TASK STATEMENT: Restate the listing below line for line and word for word, without the pictures.
=== RECORDED DATA ===
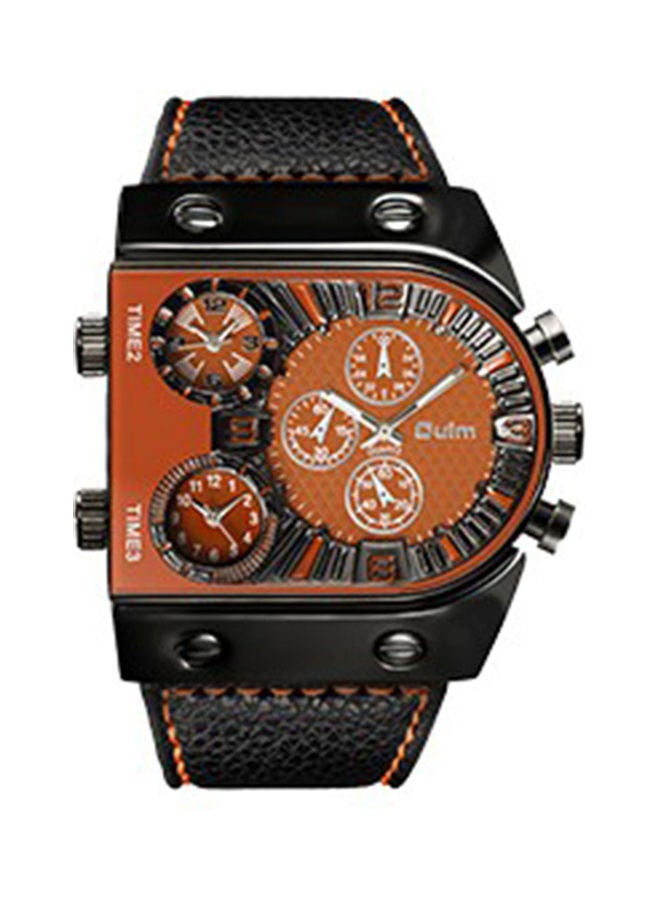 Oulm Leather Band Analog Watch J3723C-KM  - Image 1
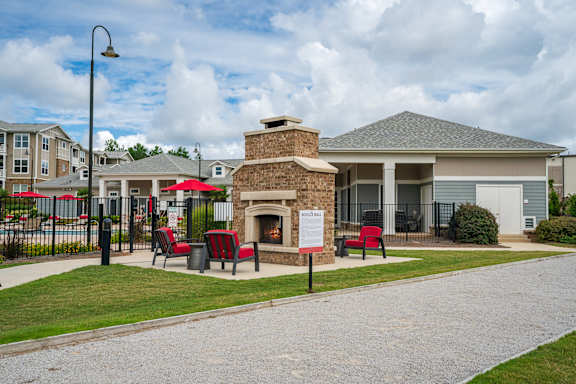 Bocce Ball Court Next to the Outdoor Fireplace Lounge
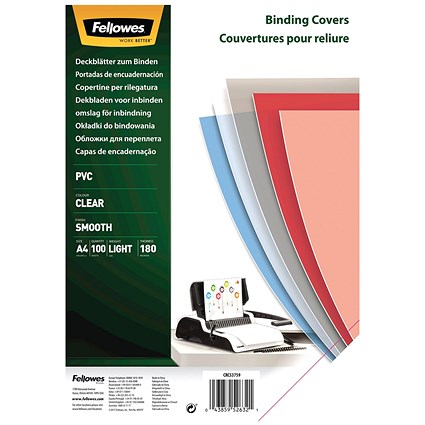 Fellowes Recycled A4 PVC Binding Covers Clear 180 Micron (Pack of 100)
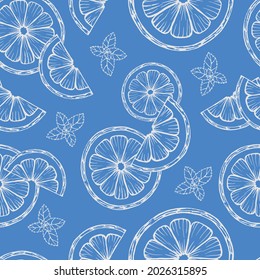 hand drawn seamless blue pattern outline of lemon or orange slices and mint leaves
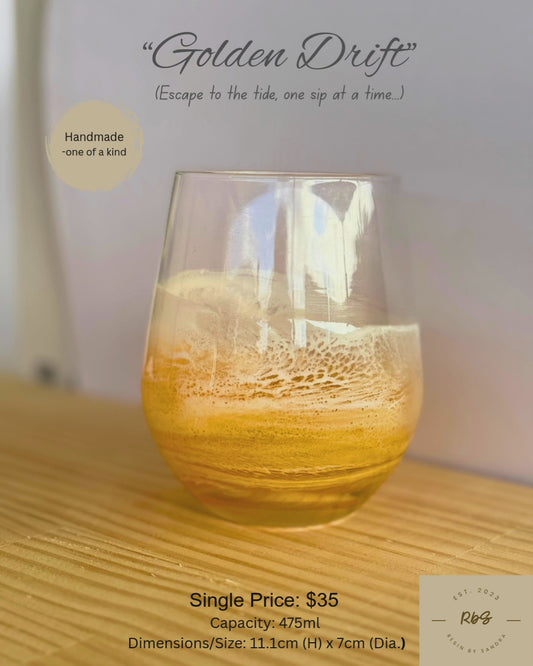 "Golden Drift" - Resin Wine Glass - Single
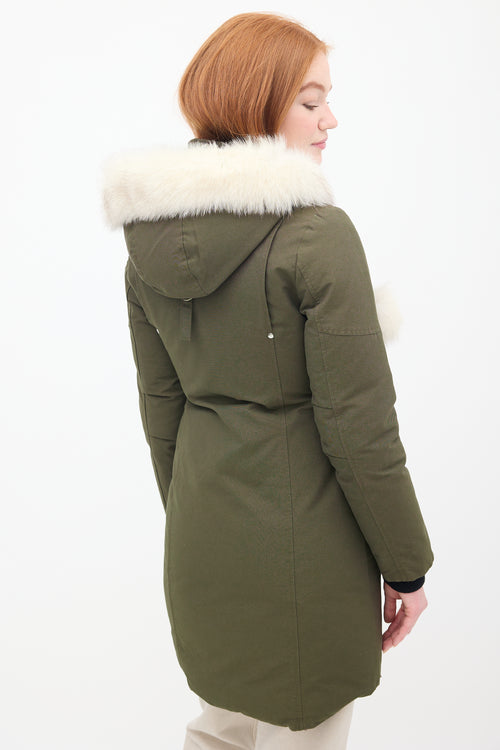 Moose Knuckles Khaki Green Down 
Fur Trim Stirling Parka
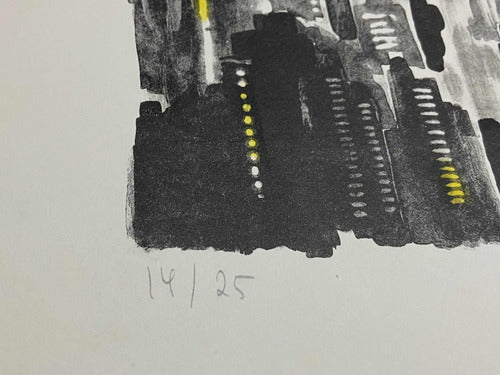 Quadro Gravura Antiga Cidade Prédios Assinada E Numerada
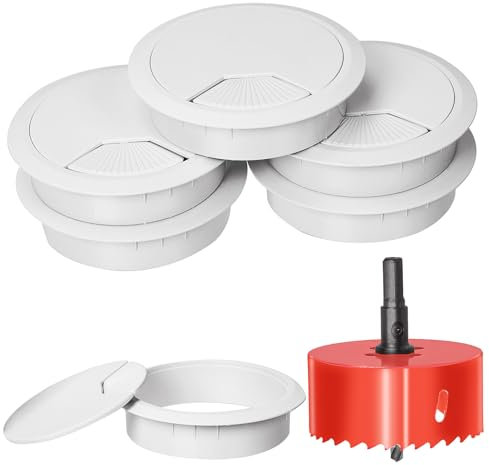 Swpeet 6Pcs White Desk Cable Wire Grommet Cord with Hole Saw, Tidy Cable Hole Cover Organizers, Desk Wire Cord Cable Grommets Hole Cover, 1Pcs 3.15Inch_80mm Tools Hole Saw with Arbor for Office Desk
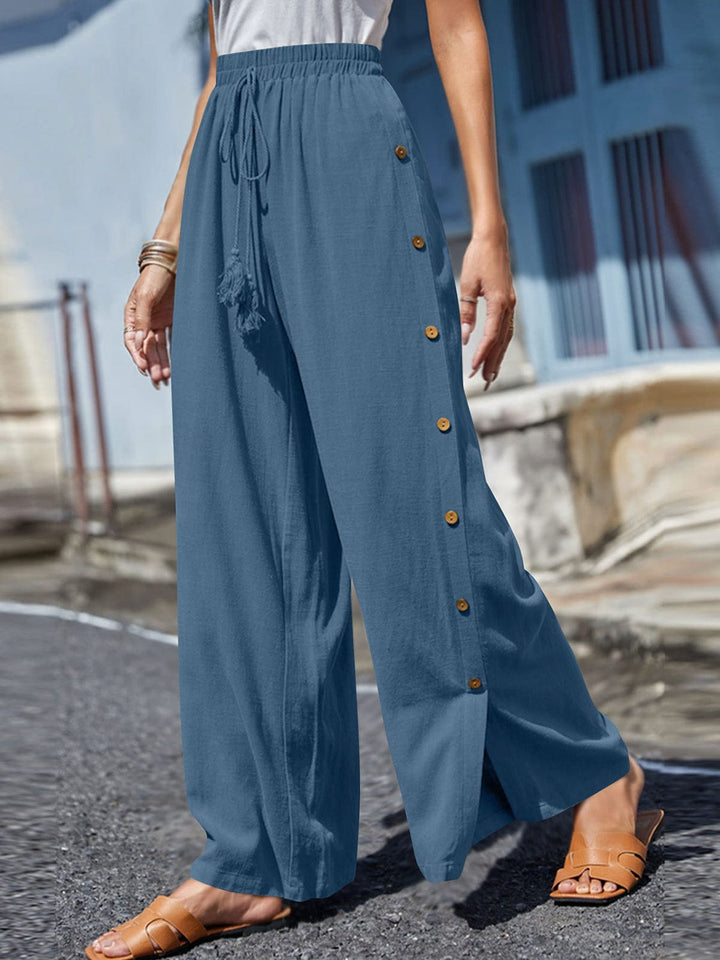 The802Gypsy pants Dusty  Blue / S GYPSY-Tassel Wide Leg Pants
===
YOUR SOLUTION:
 Oulm Leather Band Analog Watch J3723C-KM  - Image 1
 Bocce Ball Court Next to the Outdoor Fireplace Lounge
 Fellowes Recycled A4 PVC Binding Covers Clear 180 Micron (Pack of 100)
 hand drawn seamless blue pattern outline of lemon or orange slices and mint leaves
 "Golden Drift" - Resin Wine Glass - Single
 Moose Knuckles Khaki Green Down 
Fur Trim Stirling Parka
 Quadro Gravura Antiga Cidade Prédios Assinada E Numerada
 Swpeet 6Pcs White Desk Cable Wire Grommet Cord with Hole Saw, Tidy Cable Hole Cover Organizers, Desk Wire Cord Cable Grommets Hole Cover, 1Pcs 3.15Inch_80mm Tools Hole Saw with Arbor for Office Desk
 The802Gypsy pants Dusty  Blue / S GYPSY-Tassel Wide Leg Pants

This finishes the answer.